00. プロローグ
ルコルは今、絶体絶命の大ピンチに陥っている。
目の前には、紫色のローブを纏った、黒髪黒目の魔導士。
紫のローブは、王宮魔導士の証である。
(権力アピールなのかな…)
一応ルコルでも、王宮魔導士が国内トップクラスの力を持つことくらいは知っている。でも、ド田舎の平民にとっては、正直その権力もピンとこない。
きっとルコルが相手では何の手応えも得られないだろうことを、何となく申し訳なく思った。
この魔導士、エフェと名乗っていた。
どことなく気が抜けたような名前なのに、食わせ者な雰囲気が漂っていて、そのギャップがいっそ不気味ですらある。
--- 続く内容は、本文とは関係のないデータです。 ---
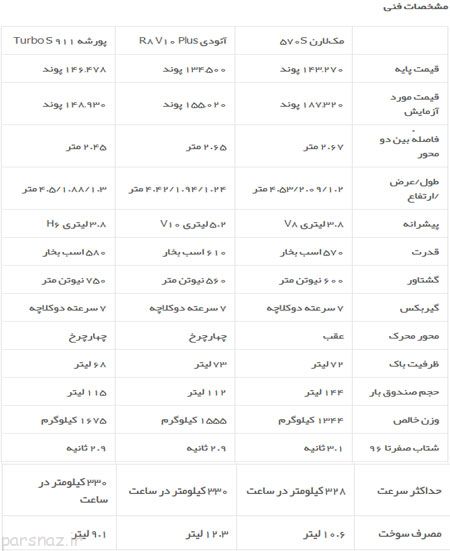 قدرت نمایی سه خودرو پورشه آئودی و مک لارن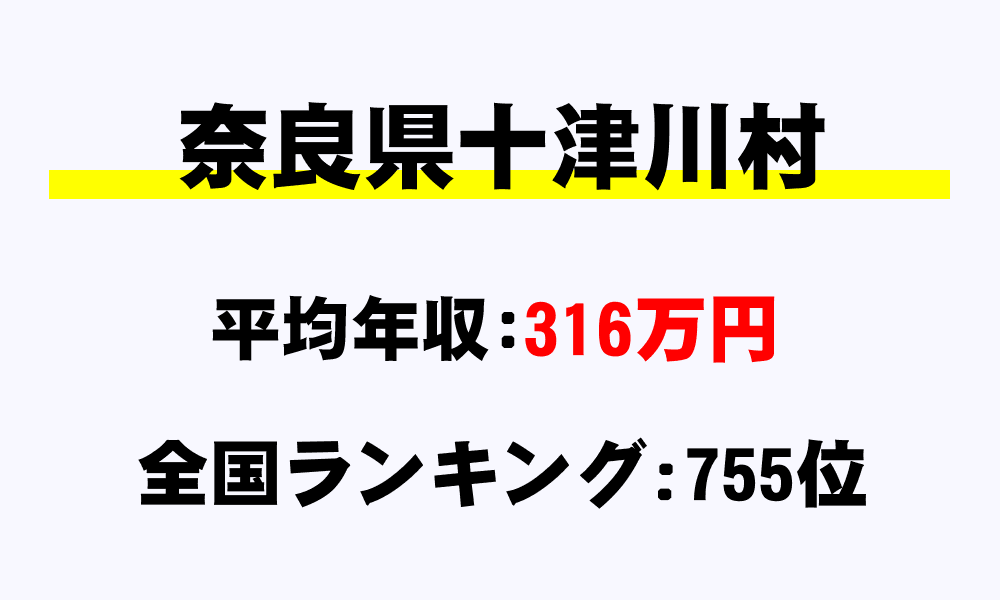 十津川村(奈良県)の平均所得・年収は316万8028円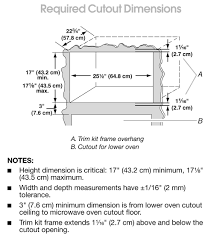 black stainless steel trim kit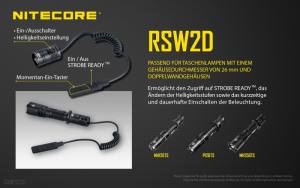 NITECORE Fernschalter RSW2D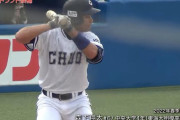 【悲報】中大・森下、右手骨折で全治３ヶ月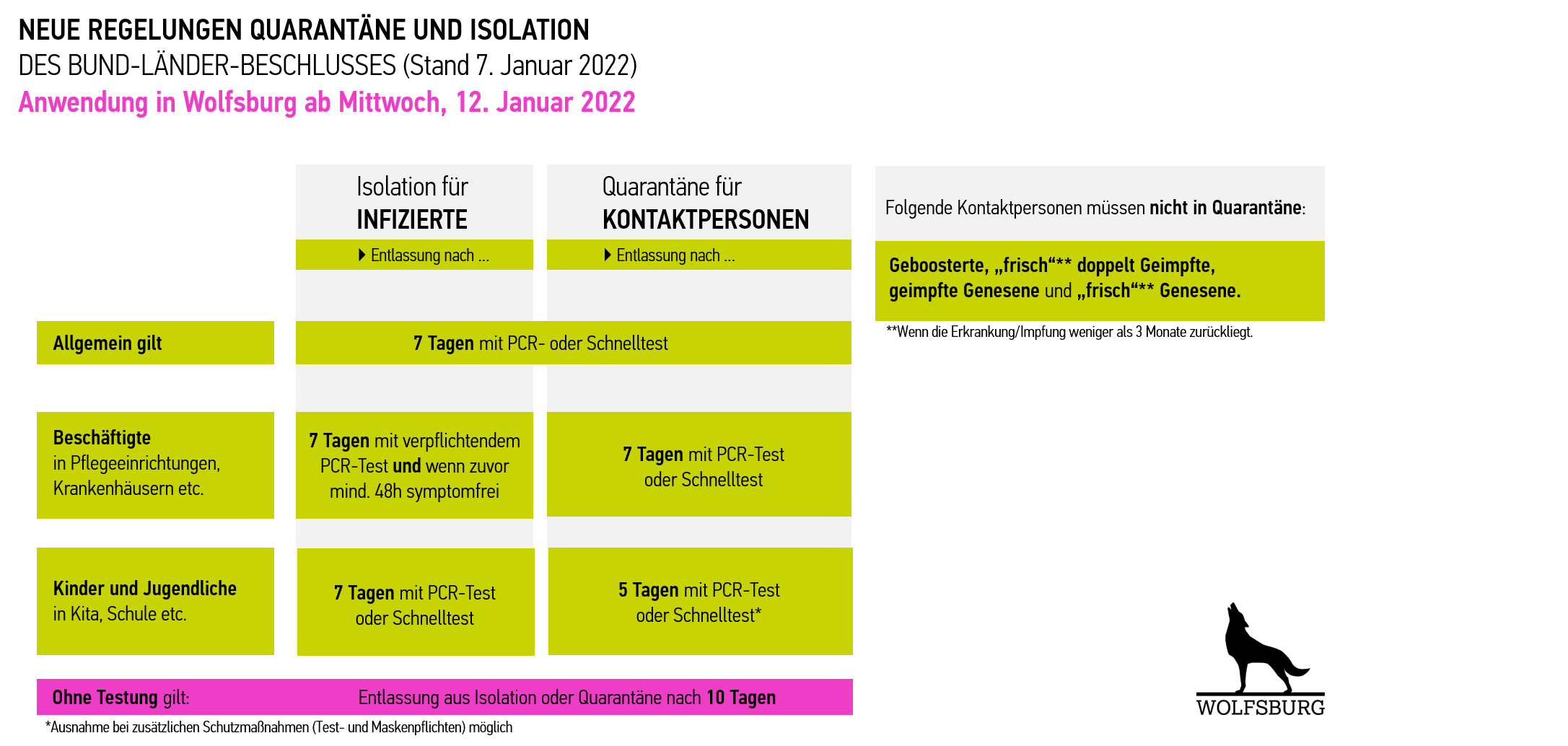 Grafik der neuen Quarantäneregelungen entsprechend des „Bund-Länder-Beschlusses“ ab 12.01.2022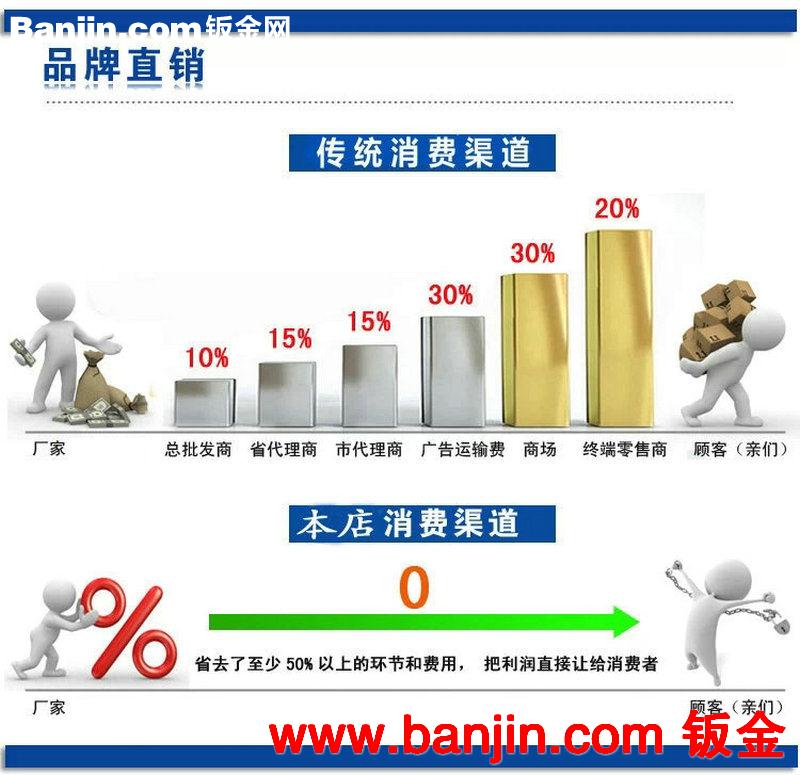 热卖供应 不锈钢钣金加工 深圳钣金加工 激光钣金加工
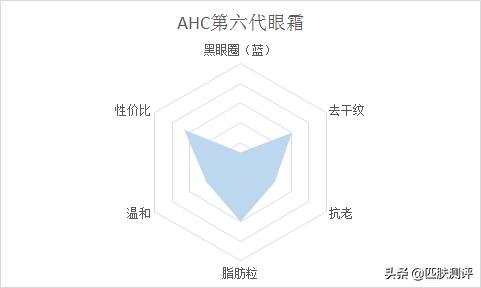 抗初老淡化细纹的眼霜,平价抗初老眼霜测评第一波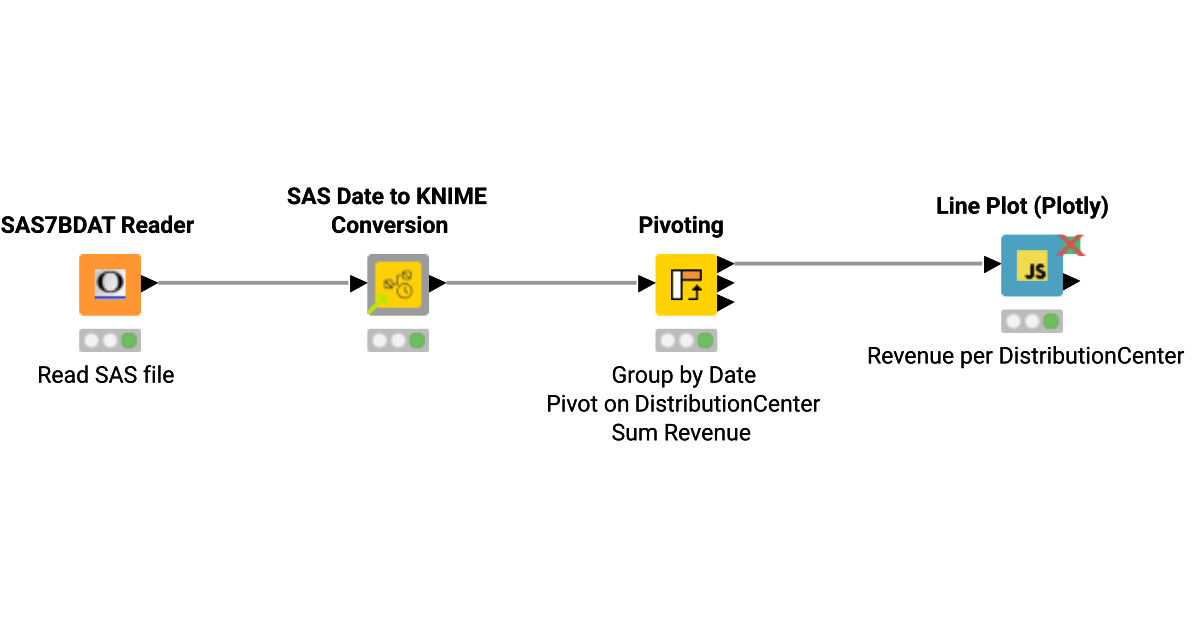 sas-date-conversion-knime-community-hub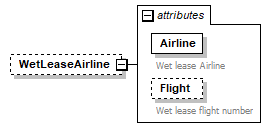 sigws_p383.png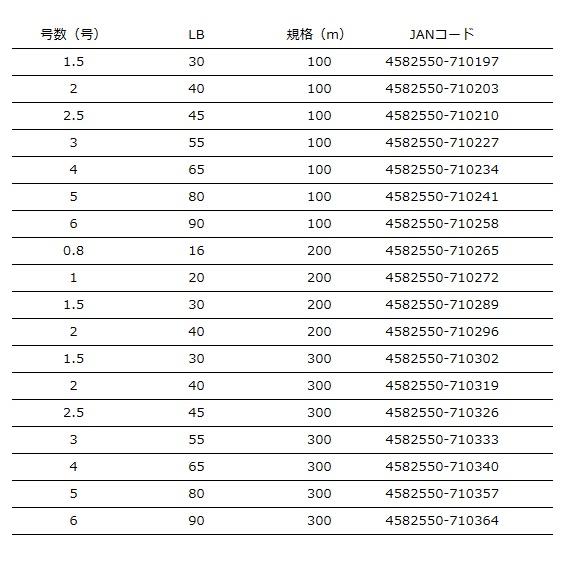 XBRAID ライン XBRAID JIGMAN ULTRA X8(ジグマンウルトラ X8) 1.5号 5COLOR 300m｜sanpei-yh｜04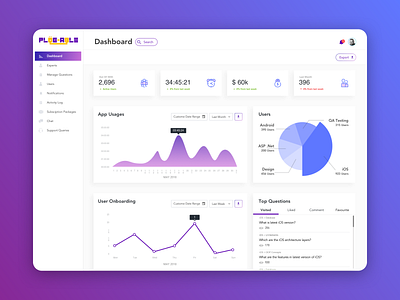 plugable - Dashboard Web App admin dashboard admin panel control panel dashboard app dashboard ui ux ui design webapp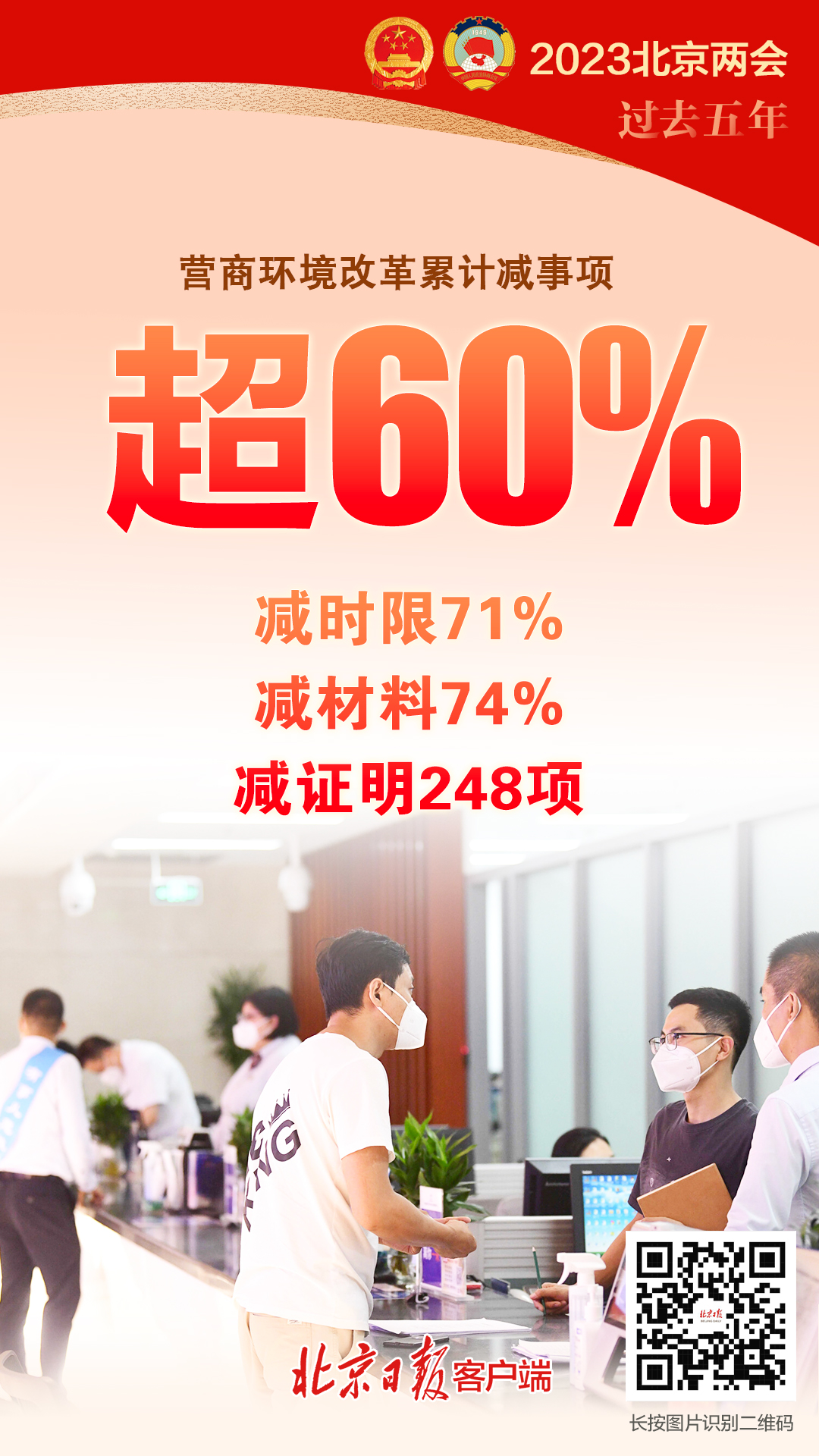 过去五年成绩单来了，这些数字振奋人心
エフェは、無駄に優雅な身のこなしで静かにルコルを見据えながら、ありえない提案をする。
「いま我が国に聖女はいません。
あなたが有しているものが聖魔法なのかどうか判別できる人間もいない。
なら、あなたが聖女を名乗っても、誰にも否定できないと思いません?」
聖女詐称。
それは、神聖なる存在への冒涜であり、大罪である。
でも、ルコルには、その大罪を犯した方がマシかもしれない、決して人に明かすことのできない事情があり、明言こそしていないが、エフェはそれに気づいている。
絶対に気づいているから、こんな言い回しをしてきているのだ。
(どう転んでも、破滅しかない…)
人目を忍び、一人密やかに暮らしてきた静かな日常が、ガラガラと音を立てて崩れ去っていくのを、ルコルは感じていた。